This year has been one of the most decisive yet for creator monetisation, with every major platform reworking its rules in an attempt to stay competitive, transparent, and creator-friendly. From unified earning systems to revamped eligibility rules and the return of long-awaited initiatives, 2025 saw social platforms redraw the roadmap for how creators can actually make money online. As creators continue to figure out the shifting algorithms and growing expectations, these updates offer a clearer picture of where the industry is headed. It also shows what anyone building a career in the digital space needs to know moving forward.

Also Read: A year-end look at the YouTube trends that helped define India’s common language

Take a look: 

Snapchat rolls out a unified monetization program for creators

Snapchat made one of its biggest creator-focused shifts earlier this year when, back in February, it rolled out a unified Monetization Program that finally brought Stories and longer Spotlight videos under one earning system. The move came just as Spotlight viewership had climbed 25% year-over-year, and Snap clearly saw the momentum and so from February 1, 2025, onward, creators posting Spotlight videos longer than a minute became eligible to monetise them the same way they do with Stories. The criteria to get in are still selective but far more transparent now: creators need at least 50,000 followers, around 25 posts a month to either Saved Stories or Spotlight, and some level of consistency by posting on at least 10 of the last 28 days. They also have to hit one engagement milestone in that same window, either 10 million Snap views, 1 million Spotlight views, or 12,000 hours of total watch time.

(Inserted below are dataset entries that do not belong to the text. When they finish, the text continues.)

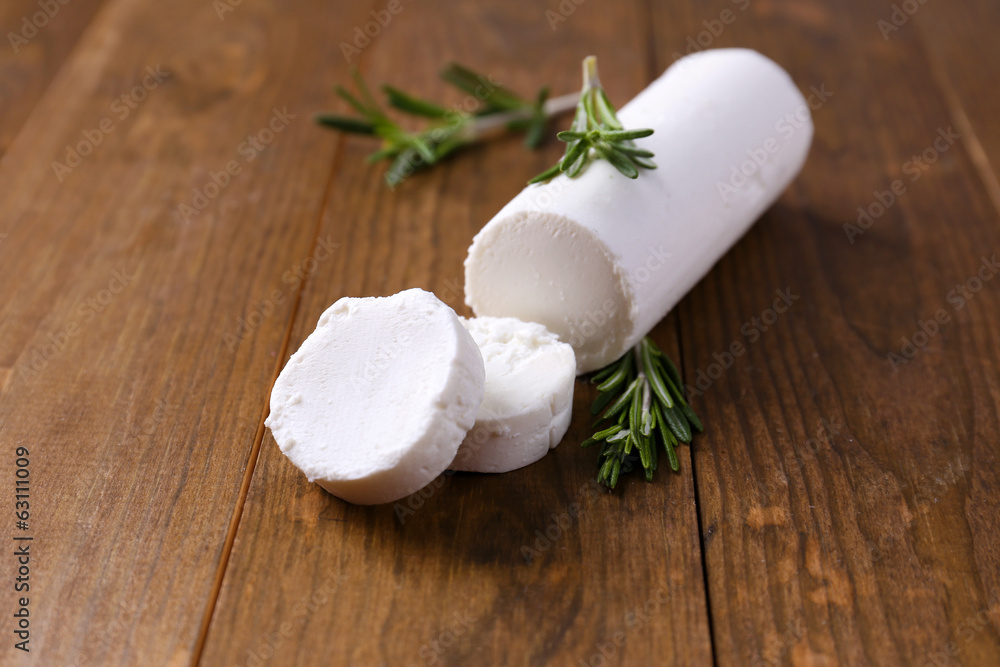 Tasty bushe cheese with rosemary, on wooden table Tasty bushe cheese with rosemary, on wooden table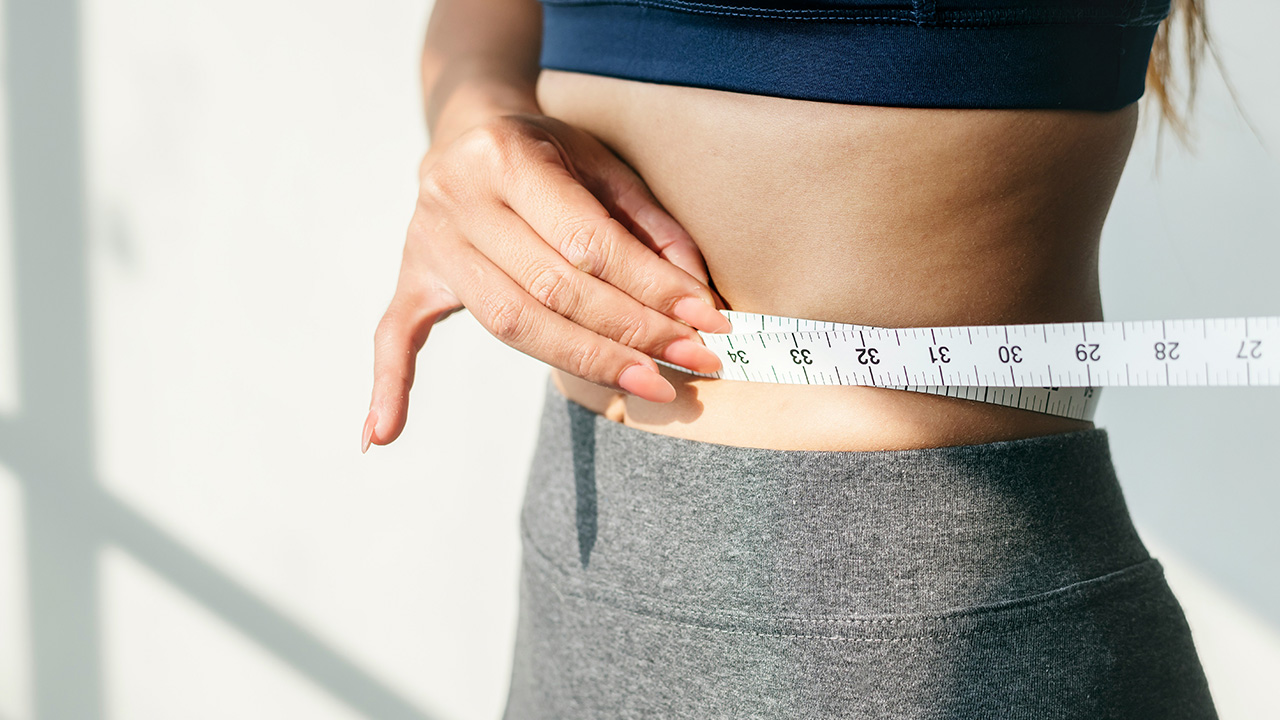 Woman measuring her waist with a tape measure after weight loss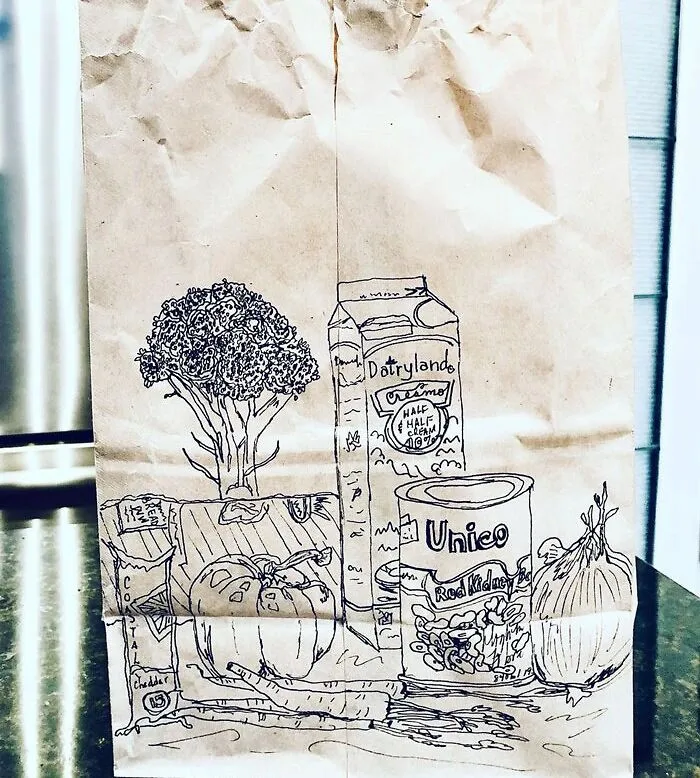 Still life drawing on a paper bag featuring groceries like milk, broccoli, tomatoes, and beans.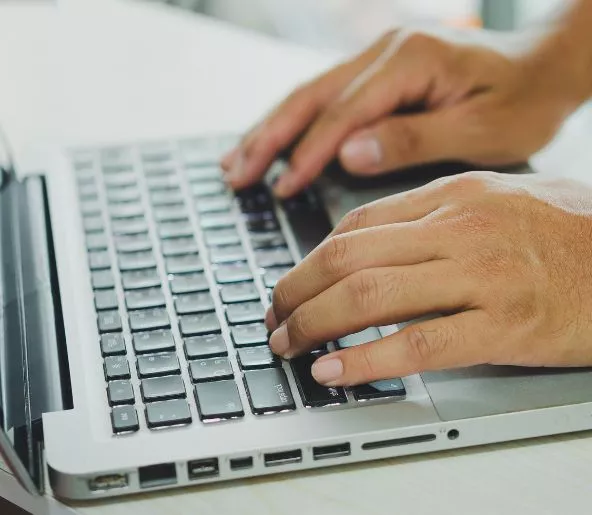 Hands typing on a computer keyboard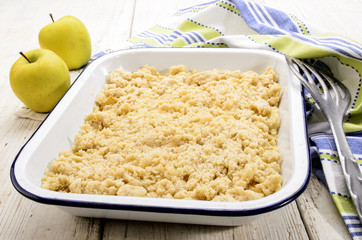 british apple crumble in an enamel bowl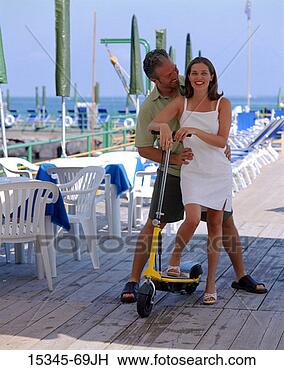 Stock Photo - prime couple with 
motorized scooter 
on boardwalk by 
outdoor cafe. 
fotosearch - search 
stock photos, 
pictures, images, 
and photo clipart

YouTube refines the partner program to make monetization clearer 

YouTube’s big creator-focused push this year really showed how it tightened and refined the YouTube Partner Program, which remains the main doorway for anyone hoping to actually earn from the platform. Instead of feeling like a maze of rules, YouTube spent the year making the path more transparent, laying out clear expectations around monetization policies, making 2-Step Verification mandatory, and ensuring every creator links an AdSense account right from YouTube Studio so payouts don’t get stuck in the pipeline. What stood out, though, was how the platform split eligibility into two clear tracks: long-form creators could work toward the classic milestone of 1,000 subscribers and 4,000 public watch hours in a year, while Shorts creators finally got their own lane with the 1,000-subscribers-plus-10-million-views-in-90-days threshold. And once a creator crosses either of those, YouTube now nudges them straight into the application process, where their channel is reviewed for policy compliance, not just once, but continuously, to make sure they’re still operating within YouTube’s guidelines. Looking back, the whole approach felt less like YouTube gatekeeping and more like YouTube trying to set a clear, stable foundation for people who actually want to build something on the platform. 

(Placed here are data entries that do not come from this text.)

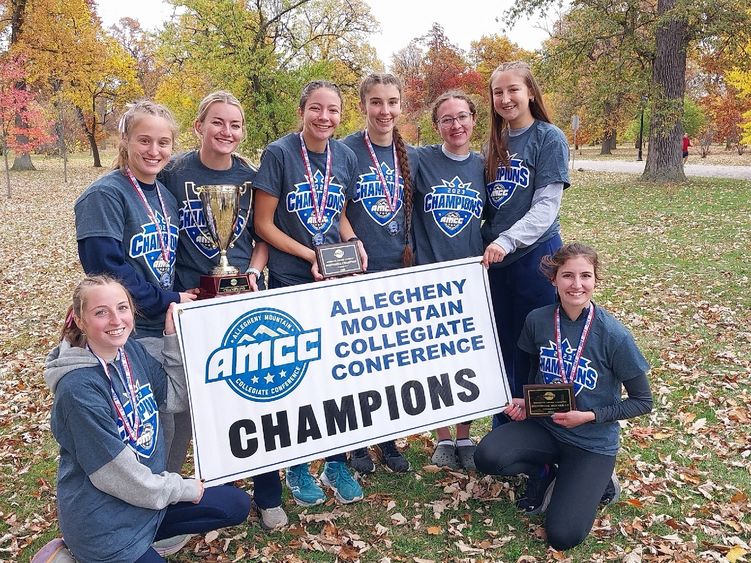 The Penn State Behrend women's cross country team poses with the AMCC championship banner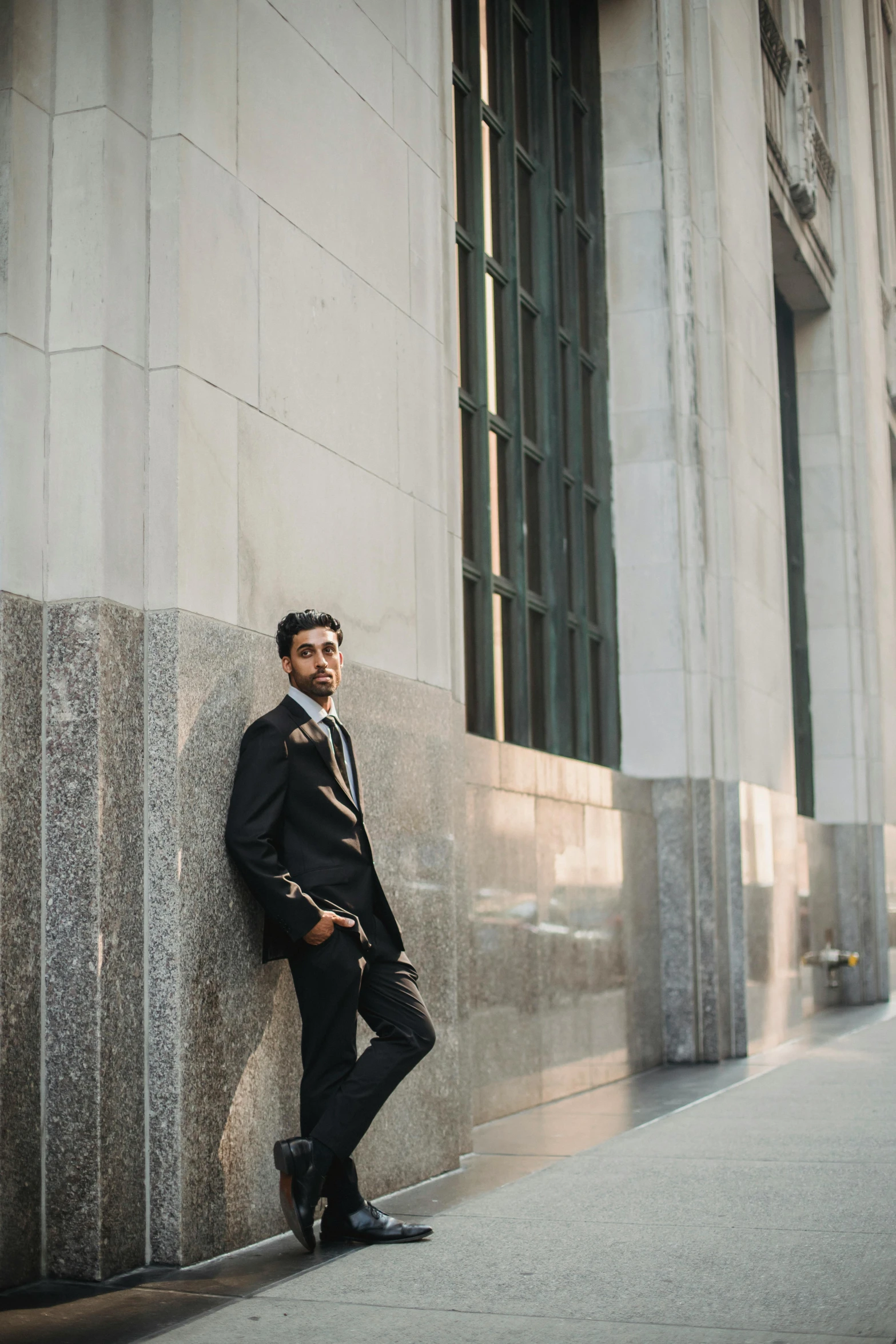 a man in a suit leans against a concrete wall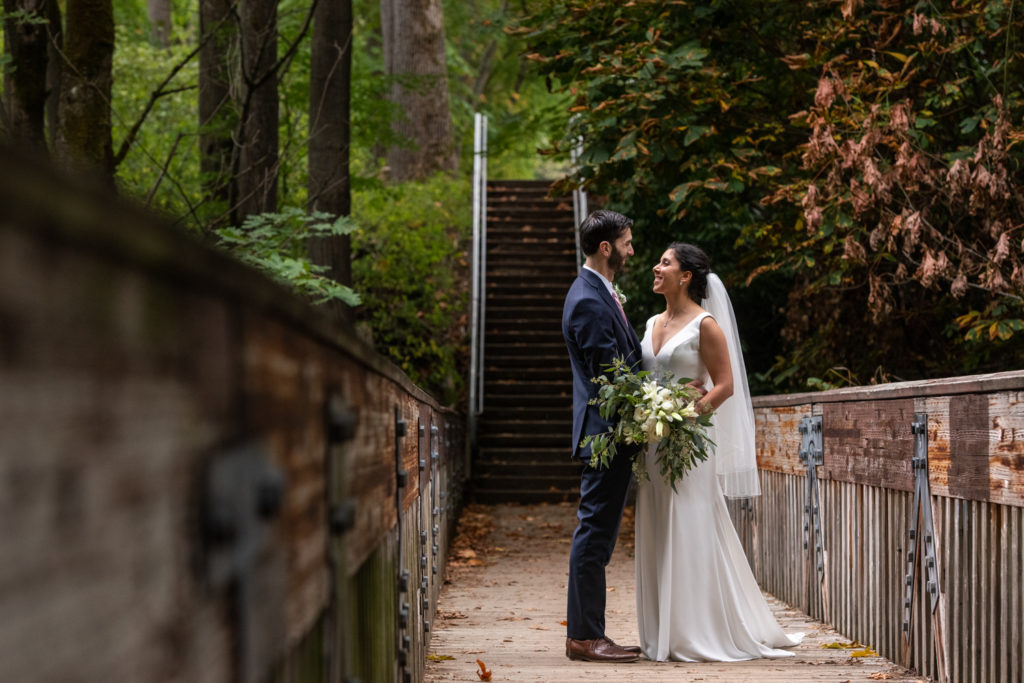 Bride and groom standing on wooden bridge, looking at each other.
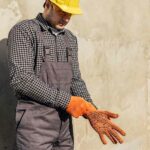 ouvrier enfile des gants de travail pour faire des travaux de rénovation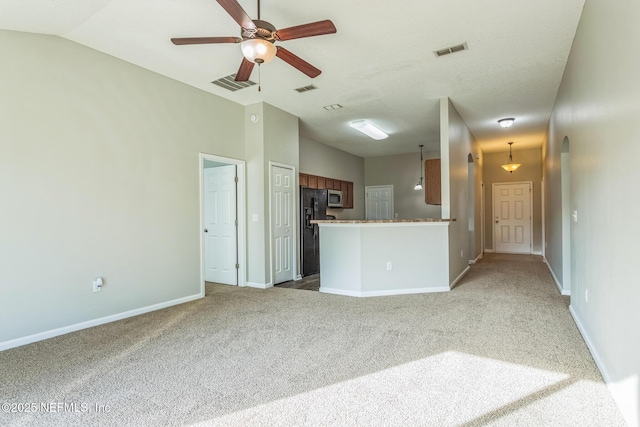 95886 Graylon Dr, Yulee, FL 32097 - unfurnished living room featuring carpet floors, a ceiling fan, and arched walkways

X updates its revenue sharing rules with a focus on premium engagement

X has had one of the more dramatic journeys in creator monetization, and looking back at the last couple of years, the platform has rewritten its own rules almost as often as creators have tried to decode them. Ever since Elon Musk introduced revenue sharing in 2023, the program has been a point of tension. By 2025, the system has been changed yet again, this time putting premium user engagement at the center of the payout equation. Add to that stricter brand-safety guidelines and a reporting system that only shows earnings once a cycle is complete, and creators have had to adjust their expectations quickly.

But the biggest shift this year has been in who actually qualifies. X lowered its threshold to just 500 active followers, a sharp drop from the earlier 5,000 requirement, signalling its intention to open the gates to smaller voices. At the same time, the platform tightened the performance bar: creators now need 5 million organic impressions in 90 days. And while the mandatory X Premium subscription remains controversial (many creators argue it shouldn’t cost money to earn money) the company continues to defend it as a safeguard against fraud. All payouts still run through Stripe, meaning creators must be based in a Stripe-supported country to actually receive their earnings.

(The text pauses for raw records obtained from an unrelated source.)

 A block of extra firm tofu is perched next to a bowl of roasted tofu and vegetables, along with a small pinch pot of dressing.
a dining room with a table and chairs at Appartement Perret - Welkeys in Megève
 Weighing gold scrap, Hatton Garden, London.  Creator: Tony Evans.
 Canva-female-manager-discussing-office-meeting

Overall, the program in 2025 feels like X trying to strike a balance between access and accountability. It’s more open than before, but also more demanding about the kind of engagement that counts. 

Pinterest brings back its inclusion fund with a wider global reach

Pinterest took a more community-driven approach this year, leaning into its identity as a platform built on ideas, inspiration and long-tail discovery. One of the biggest moves in that direction has been the return of the Pinterest Inclusion Fund, which became one of the platform’s most meaningful creator initiatives over the past five years. In 2025, Pinterest expanded the program into a broader, more globally connected incubator, one designed to actively link small merchants and niche content producers in beauty, fashion and lifestyle to the people already searching for their ideas on the platform. And unlike earlier editions, this year’s cohort stretches across almost every major Pinterest market: from the US and Canada to India, Japan, Indonesia, Germany and more, making it the fund’s widest reach to date.

Which of these updates do you think will impact creators the most in the coming year? Share with us in the comments below!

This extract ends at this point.